### Exercise directions
Would you please repeat, word for word, only the lines from the one holding "Кошка Марфа ищет добрые руки" through the one holding "Comment gérer les" in the material below, without the pictures?
** Opening Information shown block **
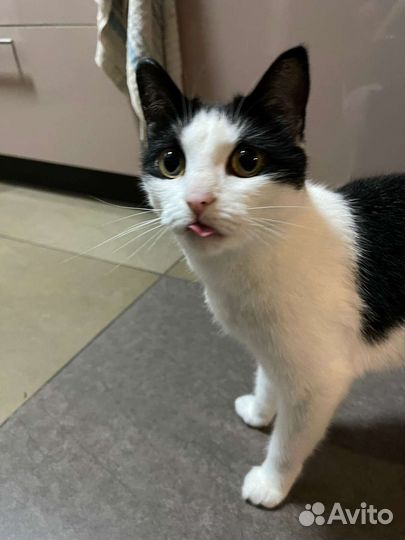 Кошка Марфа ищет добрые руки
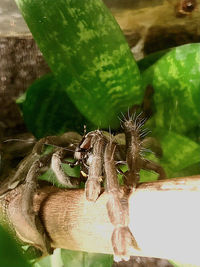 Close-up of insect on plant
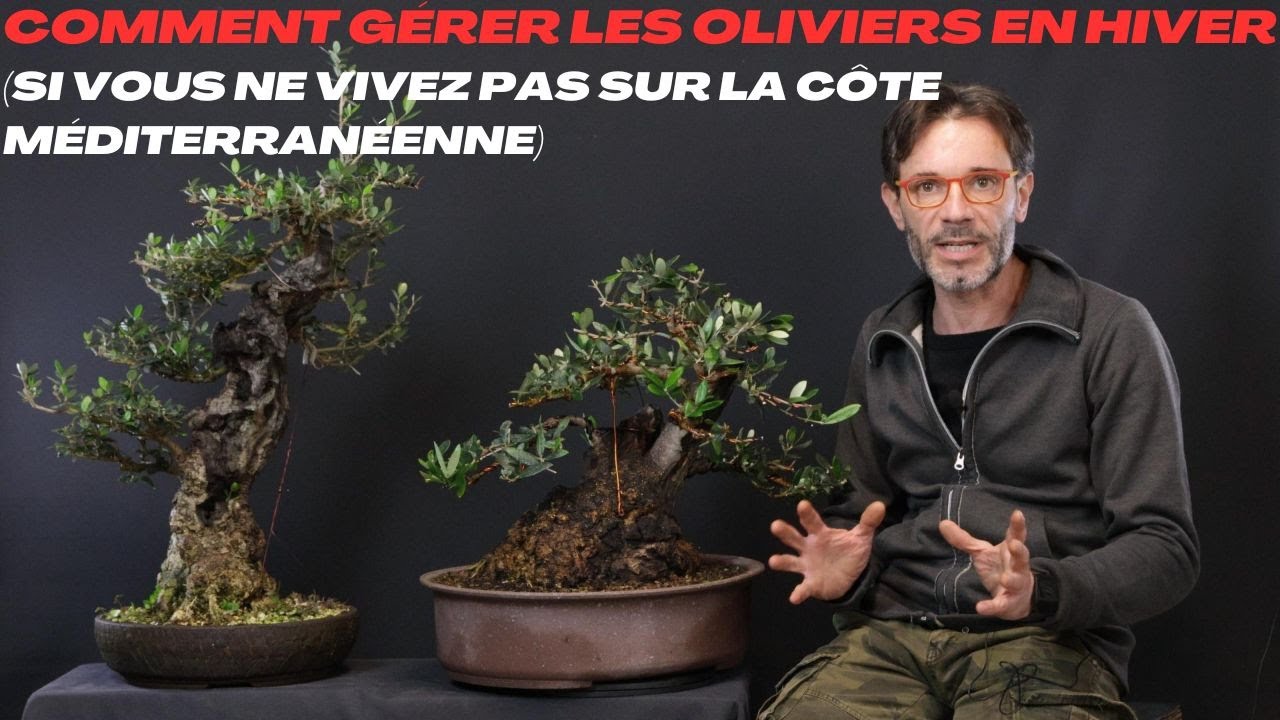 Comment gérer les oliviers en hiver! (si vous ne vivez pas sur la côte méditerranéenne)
** Closing Information shown block **
** Opening Information shown block **
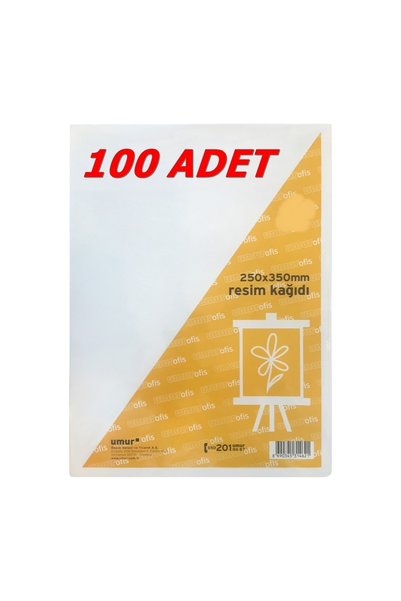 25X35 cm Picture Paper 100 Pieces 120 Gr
** Closing Information shown block **
### Expected output
 Кошка Марфа ищет добрые руки
 Close-up of insect on plant
 Comment gérer les oliviers en hiver! (si vous ne vivez pas sur la côte méditerranéenne)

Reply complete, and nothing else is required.